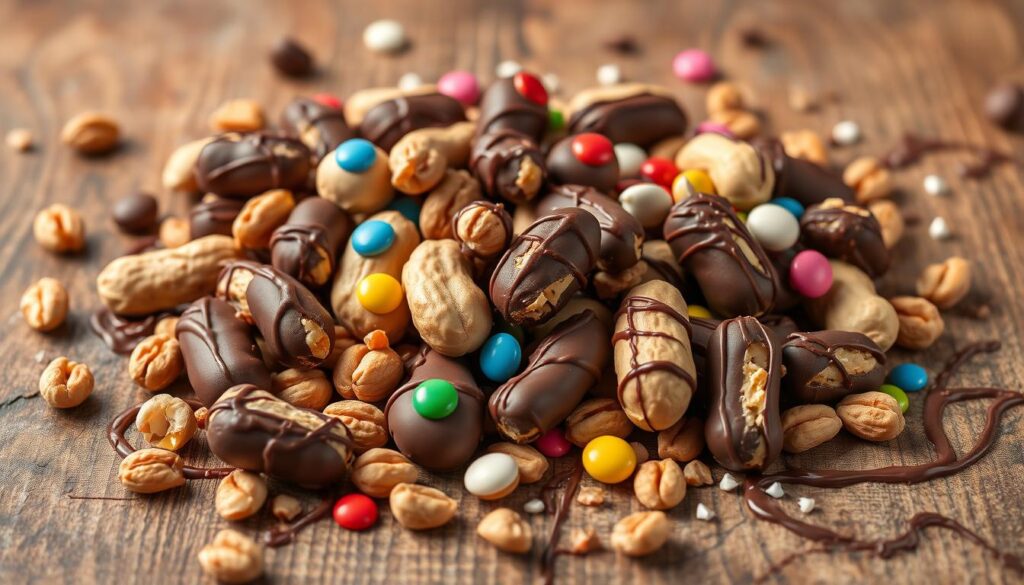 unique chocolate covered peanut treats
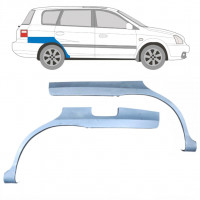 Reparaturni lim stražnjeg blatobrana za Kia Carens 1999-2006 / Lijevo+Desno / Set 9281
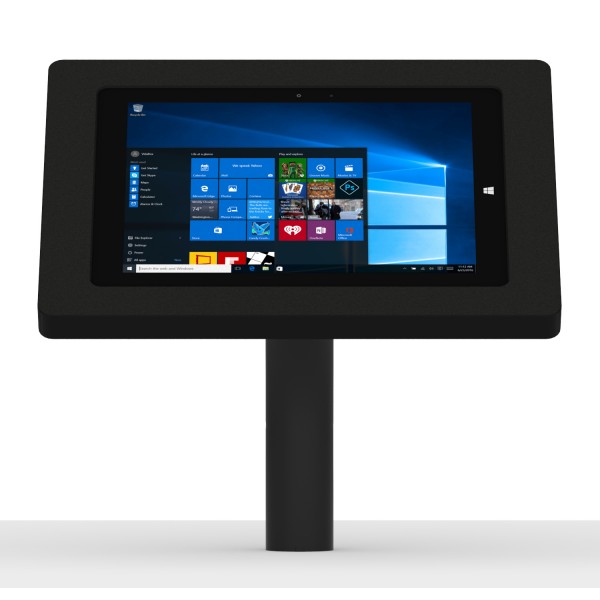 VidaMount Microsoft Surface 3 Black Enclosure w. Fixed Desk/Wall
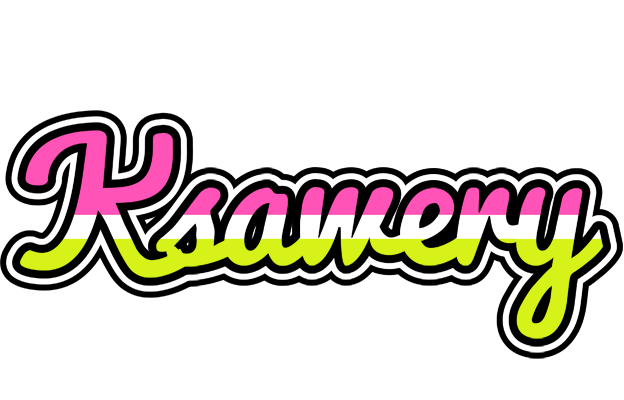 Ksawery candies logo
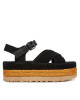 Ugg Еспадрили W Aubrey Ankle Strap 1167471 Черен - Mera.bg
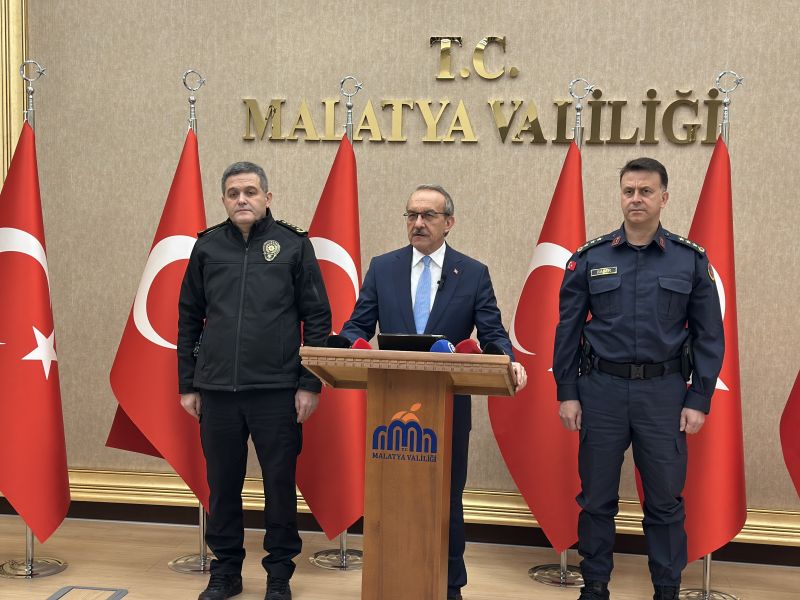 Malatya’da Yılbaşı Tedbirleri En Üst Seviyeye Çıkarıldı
...
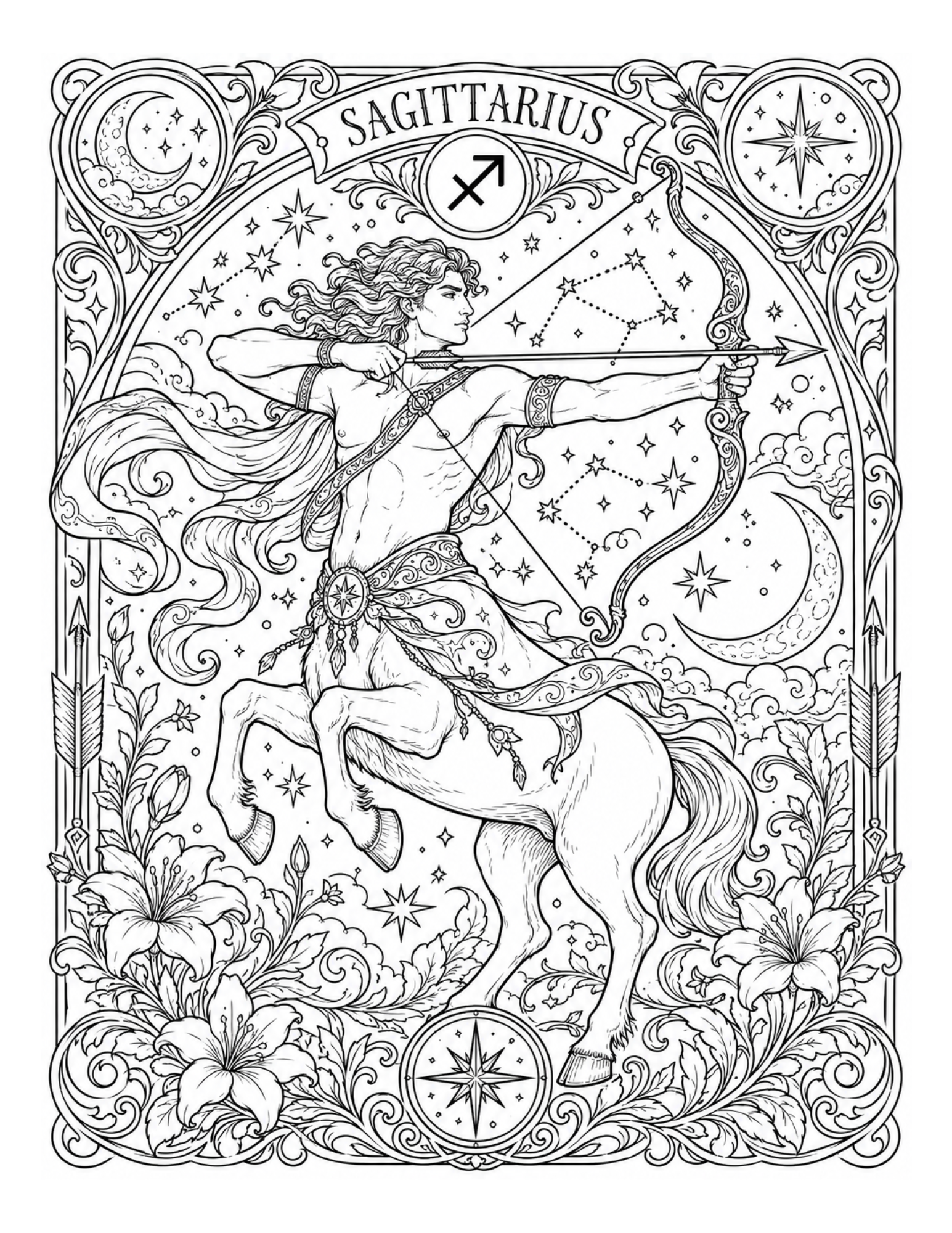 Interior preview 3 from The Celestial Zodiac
---
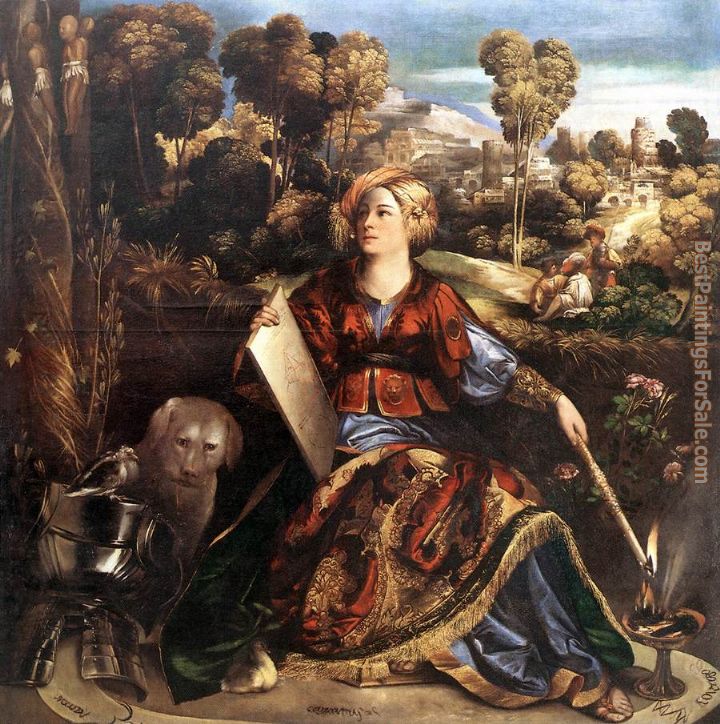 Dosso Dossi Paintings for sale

**About this exercise:** Only one stretch of the data is wanted: write out exactly the lines from the one holding "Ugg Еспадрили W" through the one holding "Malatya’da Yılbaşı Tedbirleri", both included, without the pictures.

**Response to the task:**
 Ugg Еспадрили W Aubrey Ankle Strap 1167471 Черен - Mera.bg
 Malatya’da Yılbaşı Tedbirleri En Üst Seviyeye Çıkarıldı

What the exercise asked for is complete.